AIDScience Vol. 3, No. 5, 2003
Neutralizing antibody response to HIV and virus escape
By Roberto Fernandez-Larsson*

For years scientists have been puzzled by the role of neutralizing antibodies in the control of human immunodeficiency virus (HIV) infection. Despite an early and effective neutralizing antibody defense, initial infecting viruses are able to mutate rapidly into resistant viruses, escaping neutralization by antibodies.

Two papers published last week examine how antibodies quickly eliminate neutralization-sensitive HIV early in infection, only to be replaced by populations of resistant virus. One of the research teams discovered that changes in glycan moieties of the viral envelope generate yet another mechanism of viral neutralization escape.

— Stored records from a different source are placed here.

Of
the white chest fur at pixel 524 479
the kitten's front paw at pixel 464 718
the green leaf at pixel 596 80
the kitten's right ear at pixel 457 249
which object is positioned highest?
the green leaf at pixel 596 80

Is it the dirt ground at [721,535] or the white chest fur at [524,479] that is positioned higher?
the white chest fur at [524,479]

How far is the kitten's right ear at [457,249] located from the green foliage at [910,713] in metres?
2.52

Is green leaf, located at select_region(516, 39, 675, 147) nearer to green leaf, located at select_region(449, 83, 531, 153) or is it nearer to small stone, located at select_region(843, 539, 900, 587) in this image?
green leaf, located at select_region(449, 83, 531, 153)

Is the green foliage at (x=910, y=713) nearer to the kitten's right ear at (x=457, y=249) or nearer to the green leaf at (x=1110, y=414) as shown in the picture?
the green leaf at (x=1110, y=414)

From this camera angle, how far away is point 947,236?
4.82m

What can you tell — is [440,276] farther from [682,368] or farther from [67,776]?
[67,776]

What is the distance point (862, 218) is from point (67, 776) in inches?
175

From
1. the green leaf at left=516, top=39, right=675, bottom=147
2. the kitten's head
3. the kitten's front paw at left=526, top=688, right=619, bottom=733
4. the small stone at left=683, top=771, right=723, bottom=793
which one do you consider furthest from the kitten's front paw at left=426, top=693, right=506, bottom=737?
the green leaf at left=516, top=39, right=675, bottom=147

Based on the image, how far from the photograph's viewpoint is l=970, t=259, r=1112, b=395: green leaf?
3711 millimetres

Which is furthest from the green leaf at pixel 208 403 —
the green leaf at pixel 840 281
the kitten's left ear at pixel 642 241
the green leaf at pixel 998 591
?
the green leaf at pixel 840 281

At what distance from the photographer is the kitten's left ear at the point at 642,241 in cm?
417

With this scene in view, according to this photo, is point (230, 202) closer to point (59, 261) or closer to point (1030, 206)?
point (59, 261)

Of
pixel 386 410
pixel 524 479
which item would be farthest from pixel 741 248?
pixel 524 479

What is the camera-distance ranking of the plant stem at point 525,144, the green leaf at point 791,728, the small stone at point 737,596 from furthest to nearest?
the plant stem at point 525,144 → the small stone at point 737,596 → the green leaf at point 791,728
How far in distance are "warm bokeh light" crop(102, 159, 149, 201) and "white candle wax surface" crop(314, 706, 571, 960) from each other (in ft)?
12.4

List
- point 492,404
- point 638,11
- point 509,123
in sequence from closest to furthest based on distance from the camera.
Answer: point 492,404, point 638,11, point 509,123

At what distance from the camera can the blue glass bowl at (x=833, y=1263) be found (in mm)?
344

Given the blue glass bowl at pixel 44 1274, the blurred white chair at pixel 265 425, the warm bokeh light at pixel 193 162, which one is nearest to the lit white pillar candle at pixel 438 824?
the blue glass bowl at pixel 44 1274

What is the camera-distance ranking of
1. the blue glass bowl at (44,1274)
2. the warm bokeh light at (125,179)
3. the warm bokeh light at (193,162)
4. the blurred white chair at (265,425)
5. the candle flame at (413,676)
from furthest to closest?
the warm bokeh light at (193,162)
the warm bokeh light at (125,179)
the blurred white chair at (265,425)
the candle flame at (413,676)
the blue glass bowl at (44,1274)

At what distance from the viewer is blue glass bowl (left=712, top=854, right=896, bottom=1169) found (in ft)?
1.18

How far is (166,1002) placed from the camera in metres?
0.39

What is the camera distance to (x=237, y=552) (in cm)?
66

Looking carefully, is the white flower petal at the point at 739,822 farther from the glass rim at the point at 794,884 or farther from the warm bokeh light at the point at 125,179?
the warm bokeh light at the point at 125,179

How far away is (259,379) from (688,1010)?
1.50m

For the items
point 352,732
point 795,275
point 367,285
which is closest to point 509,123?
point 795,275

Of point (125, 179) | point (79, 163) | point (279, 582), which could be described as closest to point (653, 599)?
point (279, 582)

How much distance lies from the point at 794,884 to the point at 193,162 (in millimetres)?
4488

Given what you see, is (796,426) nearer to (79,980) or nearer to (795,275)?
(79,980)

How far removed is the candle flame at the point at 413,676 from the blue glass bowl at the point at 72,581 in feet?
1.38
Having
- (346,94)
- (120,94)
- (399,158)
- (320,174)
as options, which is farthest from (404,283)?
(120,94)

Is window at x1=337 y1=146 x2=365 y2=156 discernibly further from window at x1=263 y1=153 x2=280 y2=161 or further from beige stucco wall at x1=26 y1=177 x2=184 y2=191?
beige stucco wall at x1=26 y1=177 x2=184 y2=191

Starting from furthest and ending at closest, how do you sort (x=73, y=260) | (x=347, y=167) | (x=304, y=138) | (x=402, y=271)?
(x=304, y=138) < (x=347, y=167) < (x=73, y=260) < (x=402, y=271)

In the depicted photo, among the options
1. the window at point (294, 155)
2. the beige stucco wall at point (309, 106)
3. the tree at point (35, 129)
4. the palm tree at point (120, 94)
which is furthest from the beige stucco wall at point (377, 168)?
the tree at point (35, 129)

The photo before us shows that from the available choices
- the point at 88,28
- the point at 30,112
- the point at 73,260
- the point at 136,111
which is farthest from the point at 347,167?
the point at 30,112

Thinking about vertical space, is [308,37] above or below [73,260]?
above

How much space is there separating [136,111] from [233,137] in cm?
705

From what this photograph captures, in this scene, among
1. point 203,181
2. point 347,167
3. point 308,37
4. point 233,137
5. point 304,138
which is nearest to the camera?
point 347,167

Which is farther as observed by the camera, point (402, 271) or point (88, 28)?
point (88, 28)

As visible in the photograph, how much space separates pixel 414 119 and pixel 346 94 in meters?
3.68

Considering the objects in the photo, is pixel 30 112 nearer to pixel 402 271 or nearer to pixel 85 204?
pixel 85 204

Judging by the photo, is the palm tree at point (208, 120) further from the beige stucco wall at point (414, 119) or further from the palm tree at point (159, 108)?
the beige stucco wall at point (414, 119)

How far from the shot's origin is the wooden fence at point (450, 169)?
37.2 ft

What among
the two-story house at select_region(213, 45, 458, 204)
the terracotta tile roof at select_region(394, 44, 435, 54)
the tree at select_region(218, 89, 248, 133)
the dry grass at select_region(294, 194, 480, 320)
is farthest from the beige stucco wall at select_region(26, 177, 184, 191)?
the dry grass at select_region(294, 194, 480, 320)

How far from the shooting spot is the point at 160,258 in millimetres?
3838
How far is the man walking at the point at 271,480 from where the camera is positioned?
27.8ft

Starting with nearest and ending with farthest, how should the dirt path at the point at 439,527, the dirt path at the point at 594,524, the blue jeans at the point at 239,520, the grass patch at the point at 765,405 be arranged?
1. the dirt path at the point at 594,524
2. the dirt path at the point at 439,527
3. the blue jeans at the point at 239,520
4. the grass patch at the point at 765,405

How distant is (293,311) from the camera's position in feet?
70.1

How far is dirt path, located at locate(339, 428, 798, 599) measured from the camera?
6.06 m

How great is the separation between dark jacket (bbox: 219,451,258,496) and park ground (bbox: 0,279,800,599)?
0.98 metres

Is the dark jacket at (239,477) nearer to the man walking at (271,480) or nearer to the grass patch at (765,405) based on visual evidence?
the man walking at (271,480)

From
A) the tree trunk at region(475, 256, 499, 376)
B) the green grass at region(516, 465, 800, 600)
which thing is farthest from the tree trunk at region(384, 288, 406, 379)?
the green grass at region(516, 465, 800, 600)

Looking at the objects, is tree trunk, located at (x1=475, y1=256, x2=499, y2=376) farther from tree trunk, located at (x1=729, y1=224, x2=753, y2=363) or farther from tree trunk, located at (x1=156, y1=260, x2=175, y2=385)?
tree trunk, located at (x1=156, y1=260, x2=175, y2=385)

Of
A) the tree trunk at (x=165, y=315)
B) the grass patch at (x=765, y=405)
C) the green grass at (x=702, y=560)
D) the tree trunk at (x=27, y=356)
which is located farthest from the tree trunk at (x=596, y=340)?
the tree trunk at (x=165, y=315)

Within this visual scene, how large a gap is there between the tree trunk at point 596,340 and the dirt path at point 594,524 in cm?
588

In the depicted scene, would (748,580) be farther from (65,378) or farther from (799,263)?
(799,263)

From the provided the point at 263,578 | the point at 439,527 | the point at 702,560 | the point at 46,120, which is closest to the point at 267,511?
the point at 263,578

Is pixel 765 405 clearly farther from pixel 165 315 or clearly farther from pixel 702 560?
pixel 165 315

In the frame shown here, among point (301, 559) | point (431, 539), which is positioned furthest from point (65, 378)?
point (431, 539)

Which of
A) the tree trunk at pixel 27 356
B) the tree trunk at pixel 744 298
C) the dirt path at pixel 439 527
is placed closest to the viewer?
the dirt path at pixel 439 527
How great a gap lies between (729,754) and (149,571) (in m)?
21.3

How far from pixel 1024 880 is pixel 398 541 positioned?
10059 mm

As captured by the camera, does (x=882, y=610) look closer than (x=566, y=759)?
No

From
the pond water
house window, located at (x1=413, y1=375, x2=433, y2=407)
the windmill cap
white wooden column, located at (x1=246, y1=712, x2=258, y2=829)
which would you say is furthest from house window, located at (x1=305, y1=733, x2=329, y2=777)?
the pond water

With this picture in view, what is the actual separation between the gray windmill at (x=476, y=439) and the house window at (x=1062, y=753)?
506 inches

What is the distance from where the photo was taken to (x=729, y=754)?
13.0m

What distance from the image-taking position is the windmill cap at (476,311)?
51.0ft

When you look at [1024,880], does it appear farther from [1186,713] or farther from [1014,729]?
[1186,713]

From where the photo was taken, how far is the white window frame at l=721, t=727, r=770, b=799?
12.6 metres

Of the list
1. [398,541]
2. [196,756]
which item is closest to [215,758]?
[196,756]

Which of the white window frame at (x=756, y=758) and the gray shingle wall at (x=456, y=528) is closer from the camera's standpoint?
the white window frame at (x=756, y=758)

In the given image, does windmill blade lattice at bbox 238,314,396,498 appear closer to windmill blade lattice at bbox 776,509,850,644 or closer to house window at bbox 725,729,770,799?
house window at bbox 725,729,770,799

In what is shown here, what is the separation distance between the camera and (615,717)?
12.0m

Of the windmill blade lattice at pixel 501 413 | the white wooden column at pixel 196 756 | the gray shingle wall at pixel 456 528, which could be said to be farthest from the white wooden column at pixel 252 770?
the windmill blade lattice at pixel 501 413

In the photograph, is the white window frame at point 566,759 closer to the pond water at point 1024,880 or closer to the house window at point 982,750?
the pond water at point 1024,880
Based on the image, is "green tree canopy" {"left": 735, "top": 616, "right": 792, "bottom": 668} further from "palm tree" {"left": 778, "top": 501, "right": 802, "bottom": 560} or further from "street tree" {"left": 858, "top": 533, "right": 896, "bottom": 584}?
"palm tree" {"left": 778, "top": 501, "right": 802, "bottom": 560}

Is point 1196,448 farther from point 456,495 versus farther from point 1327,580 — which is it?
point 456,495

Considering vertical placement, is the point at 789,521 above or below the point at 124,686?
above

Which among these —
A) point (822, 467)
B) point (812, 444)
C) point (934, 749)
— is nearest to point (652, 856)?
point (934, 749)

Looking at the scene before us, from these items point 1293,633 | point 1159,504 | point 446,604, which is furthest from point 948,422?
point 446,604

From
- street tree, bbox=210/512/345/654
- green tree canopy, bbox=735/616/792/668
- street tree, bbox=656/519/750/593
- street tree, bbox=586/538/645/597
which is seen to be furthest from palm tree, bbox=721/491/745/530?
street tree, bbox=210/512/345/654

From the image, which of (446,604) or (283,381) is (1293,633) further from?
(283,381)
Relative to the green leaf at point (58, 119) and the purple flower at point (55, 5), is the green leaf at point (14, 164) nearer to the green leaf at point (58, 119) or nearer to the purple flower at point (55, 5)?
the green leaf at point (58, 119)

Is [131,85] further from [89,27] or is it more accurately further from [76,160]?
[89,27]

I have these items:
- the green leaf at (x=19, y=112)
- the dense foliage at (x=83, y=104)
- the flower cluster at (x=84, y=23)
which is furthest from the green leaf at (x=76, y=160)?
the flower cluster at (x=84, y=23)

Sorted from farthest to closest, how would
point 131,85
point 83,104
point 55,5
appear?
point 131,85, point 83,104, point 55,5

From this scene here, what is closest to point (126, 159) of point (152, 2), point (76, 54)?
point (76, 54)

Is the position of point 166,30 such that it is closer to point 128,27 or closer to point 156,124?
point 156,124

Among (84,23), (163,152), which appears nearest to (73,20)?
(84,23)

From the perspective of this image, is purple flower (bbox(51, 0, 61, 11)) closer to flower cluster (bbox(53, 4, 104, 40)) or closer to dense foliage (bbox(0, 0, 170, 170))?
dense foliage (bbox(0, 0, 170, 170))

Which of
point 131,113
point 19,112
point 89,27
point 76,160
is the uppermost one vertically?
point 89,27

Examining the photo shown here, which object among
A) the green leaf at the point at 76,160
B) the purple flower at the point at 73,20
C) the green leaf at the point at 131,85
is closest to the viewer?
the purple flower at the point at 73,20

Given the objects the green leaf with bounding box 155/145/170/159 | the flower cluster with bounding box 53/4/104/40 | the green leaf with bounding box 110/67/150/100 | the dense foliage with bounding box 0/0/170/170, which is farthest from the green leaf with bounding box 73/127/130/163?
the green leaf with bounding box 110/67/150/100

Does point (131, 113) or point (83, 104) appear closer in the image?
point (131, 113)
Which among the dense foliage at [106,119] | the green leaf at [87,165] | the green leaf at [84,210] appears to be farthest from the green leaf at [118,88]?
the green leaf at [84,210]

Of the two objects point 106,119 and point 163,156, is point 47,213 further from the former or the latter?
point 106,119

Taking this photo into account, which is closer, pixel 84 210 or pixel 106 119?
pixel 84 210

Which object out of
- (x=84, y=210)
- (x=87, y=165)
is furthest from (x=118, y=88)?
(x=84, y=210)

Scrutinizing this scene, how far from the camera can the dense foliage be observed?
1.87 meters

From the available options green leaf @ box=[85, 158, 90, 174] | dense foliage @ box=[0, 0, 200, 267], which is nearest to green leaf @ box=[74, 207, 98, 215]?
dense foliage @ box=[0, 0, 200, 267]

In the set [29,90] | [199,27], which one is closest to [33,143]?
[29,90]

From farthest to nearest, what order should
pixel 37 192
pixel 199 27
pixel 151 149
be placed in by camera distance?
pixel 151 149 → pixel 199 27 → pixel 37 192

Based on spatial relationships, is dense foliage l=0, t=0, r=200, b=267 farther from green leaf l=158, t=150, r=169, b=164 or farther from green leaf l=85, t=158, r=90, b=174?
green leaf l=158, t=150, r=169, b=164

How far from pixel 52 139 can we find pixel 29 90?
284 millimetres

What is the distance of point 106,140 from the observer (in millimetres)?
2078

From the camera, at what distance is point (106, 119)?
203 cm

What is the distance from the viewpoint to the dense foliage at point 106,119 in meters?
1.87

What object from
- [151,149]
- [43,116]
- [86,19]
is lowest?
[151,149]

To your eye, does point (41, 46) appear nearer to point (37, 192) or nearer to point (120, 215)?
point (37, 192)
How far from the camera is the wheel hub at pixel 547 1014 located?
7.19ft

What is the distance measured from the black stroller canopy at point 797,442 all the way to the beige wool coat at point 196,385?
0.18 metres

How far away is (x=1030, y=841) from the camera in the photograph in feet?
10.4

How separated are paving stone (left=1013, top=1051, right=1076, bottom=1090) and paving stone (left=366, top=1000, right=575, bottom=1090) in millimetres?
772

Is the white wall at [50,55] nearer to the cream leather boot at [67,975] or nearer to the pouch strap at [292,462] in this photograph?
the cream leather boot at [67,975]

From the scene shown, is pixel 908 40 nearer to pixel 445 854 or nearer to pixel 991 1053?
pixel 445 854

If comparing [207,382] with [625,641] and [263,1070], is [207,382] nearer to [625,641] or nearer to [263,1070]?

The team led by George Shaw, from the University of Alabama at Birmingham, believes that they have found a new way by which HIV escapes recognition by neutralizing antibodies. The paper, published in last week’s Nature [PubMed], describes a model in which the virus is able to resist neutralization by evolving a “glycan shield” mechanism of neutralization escape. According to the model, mutations in resistant viruses had primarily occurred at N-linked glycosylation residues of the env gene rather than at the well-studied neutralization epitopes. Shaw and his team were able to experimentally support their model by constructing neutralization-resistant site-directed mutant envelopes from early neutralization-sensitive viruses. The mutated viruses were tested against autologous plasma and neutralizing monoclonal antibodies.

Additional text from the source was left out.